### The task
Below is a listing; repeat exactly the lines from the one containing "Gallery Bee-eater" to the one containing "Red Rock Cod", both included.

### Extracted entries
════════
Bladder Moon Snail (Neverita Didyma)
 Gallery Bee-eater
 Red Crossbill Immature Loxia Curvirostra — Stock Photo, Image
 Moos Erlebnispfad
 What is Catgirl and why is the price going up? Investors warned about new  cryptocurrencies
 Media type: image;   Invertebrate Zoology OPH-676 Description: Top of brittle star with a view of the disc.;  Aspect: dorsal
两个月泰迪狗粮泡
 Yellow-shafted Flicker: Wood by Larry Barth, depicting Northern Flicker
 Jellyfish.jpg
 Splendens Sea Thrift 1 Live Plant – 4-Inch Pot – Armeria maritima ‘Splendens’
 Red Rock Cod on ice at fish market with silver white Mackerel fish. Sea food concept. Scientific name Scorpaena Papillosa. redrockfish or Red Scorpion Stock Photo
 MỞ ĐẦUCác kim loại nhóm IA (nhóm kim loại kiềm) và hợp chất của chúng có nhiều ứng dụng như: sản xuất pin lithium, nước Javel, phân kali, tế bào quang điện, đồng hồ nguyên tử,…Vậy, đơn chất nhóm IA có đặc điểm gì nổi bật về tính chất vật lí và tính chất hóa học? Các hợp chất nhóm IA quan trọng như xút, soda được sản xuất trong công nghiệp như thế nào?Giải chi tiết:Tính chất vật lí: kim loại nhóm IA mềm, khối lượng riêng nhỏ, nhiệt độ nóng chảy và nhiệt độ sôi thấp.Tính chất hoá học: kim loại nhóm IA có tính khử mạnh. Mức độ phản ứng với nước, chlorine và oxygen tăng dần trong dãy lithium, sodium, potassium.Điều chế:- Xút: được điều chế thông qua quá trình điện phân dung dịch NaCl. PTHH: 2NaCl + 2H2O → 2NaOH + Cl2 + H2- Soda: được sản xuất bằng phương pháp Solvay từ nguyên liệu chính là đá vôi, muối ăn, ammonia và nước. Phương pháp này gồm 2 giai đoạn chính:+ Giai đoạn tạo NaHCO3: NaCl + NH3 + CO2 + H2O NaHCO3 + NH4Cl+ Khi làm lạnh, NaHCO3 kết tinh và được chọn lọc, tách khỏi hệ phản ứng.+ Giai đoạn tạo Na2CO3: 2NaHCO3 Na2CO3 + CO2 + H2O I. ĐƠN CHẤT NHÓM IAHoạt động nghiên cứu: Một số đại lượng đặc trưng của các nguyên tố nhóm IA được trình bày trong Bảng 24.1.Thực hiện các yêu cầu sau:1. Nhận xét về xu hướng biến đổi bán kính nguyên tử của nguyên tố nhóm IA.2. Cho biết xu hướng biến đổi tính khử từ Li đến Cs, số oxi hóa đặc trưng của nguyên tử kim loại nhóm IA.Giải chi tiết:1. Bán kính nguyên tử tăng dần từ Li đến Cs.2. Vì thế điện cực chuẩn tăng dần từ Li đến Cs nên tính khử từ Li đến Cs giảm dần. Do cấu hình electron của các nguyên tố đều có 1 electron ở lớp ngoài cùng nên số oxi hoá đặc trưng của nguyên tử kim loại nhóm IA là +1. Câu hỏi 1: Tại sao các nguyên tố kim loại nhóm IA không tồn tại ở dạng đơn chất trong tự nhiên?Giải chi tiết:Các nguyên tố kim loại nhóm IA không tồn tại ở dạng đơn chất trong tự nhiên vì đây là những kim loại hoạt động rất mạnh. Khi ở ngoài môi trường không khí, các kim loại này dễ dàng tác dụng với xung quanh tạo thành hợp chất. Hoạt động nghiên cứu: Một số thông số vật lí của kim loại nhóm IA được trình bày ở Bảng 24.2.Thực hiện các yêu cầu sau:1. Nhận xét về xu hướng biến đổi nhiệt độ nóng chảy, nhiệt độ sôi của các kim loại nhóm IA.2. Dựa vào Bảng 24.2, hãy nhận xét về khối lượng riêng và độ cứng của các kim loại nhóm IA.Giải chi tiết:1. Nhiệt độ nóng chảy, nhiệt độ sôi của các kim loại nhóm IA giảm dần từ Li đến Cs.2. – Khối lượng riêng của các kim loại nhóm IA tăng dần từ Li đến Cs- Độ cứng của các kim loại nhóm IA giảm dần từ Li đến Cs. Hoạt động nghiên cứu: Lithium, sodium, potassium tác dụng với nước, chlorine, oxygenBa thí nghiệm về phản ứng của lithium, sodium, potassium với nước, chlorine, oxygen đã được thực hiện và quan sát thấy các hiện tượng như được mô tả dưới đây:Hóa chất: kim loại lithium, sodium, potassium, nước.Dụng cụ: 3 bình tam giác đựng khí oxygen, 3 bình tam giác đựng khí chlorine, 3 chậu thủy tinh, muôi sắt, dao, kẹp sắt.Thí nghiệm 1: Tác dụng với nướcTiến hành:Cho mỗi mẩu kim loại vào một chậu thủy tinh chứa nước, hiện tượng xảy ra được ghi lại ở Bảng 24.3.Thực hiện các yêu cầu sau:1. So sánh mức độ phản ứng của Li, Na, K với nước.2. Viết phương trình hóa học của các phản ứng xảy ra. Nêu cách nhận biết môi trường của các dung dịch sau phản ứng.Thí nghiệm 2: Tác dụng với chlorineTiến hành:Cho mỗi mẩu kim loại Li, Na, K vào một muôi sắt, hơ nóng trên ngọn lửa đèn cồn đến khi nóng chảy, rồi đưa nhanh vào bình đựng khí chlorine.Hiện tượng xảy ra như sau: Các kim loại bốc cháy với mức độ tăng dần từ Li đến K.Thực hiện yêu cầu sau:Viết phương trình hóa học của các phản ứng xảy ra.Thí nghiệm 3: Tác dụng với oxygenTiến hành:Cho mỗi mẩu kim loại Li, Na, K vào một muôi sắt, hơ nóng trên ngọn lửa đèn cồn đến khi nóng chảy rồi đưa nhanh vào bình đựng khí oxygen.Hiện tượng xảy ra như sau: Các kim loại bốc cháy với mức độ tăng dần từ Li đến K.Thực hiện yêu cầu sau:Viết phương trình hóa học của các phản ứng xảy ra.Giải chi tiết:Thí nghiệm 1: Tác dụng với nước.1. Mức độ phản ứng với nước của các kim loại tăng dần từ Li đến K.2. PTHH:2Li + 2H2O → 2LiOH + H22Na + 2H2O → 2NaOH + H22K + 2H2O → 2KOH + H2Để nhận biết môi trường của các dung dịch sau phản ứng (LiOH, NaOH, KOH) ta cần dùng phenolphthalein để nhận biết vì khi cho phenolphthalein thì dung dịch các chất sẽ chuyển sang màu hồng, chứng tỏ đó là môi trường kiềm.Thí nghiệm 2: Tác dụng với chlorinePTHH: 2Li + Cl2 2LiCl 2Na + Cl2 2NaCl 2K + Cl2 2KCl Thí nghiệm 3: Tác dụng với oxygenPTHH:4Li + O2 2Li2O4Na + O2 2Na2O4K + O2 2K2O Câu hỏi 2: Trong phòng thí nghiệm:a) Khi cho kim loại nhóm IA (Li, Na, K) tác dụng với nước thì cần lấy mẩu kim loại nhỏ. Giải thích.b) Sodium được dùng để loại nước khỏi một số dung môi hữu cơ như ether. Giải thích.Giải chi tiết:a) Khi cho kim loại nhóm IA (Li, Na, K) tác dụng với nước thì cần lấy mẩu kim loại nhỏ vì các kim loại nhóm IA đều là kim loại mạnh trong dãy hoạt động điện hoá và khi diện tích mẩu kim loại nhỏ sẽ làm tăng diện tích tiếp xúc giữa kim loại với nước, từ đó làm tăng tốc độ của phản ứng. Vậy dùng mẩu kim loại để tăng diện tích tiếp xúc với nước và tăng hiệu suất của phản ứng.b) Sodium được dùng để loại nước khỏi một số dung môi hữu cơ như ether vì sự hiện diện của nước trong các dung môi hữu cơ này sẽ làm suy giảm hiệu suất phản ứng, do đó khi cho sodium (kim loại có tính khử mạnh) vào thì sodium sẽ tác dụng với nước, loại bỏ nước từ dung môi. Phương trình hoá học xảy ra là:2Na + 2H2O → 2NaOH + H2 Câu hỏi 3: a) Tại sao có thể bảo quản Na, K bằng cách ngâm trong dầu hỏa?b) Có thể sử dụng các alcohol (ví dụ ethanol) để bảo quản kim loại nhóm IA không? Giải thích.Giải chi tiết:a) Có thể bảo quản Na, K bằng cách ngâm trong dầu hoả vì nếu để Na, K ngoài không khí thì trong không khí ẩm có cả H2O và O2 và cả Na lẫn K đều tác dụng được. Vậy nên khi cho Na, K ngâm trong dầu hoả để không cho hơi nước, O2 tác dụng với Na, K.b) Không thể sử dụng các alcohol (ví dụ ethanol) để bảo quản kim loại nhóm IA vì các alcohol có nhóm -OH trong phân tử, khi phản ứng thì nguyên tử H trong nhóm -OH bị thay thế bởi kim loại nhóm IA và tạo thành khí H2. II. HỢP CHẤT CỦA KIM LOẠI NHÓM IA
════════
### Expected answer
 Gallery Bee-eater
 Red Crossbill Immature Loxia Curvirostra — Stock Photo, Image
 Moos Erlebnispfad
 What is Catgirl and why is the price going up? Investors warned about new  cryptocurrencies
 Media type: image;   Invertebrate Zoology OPH-676 Description: Top of brittle star with a view of the disc.;  Aspect: dorsal
两个月泰迪狗粮泡
 Yellow-shafted Flicker: Wood by Larry Barth, depicting Northern Flicker
 Jellyfish.jpg
 Splendens Sea Thrift 1 Live Plant – 4-Inch Pot – Armeria maritima ‘Splendens’
 Red Rock Cod on ice at fish market with silver white Mackerel fish. Sea food concept. Scientific name Scorpaena Papillosa. redrockfish or Red Scorpion Stock Photo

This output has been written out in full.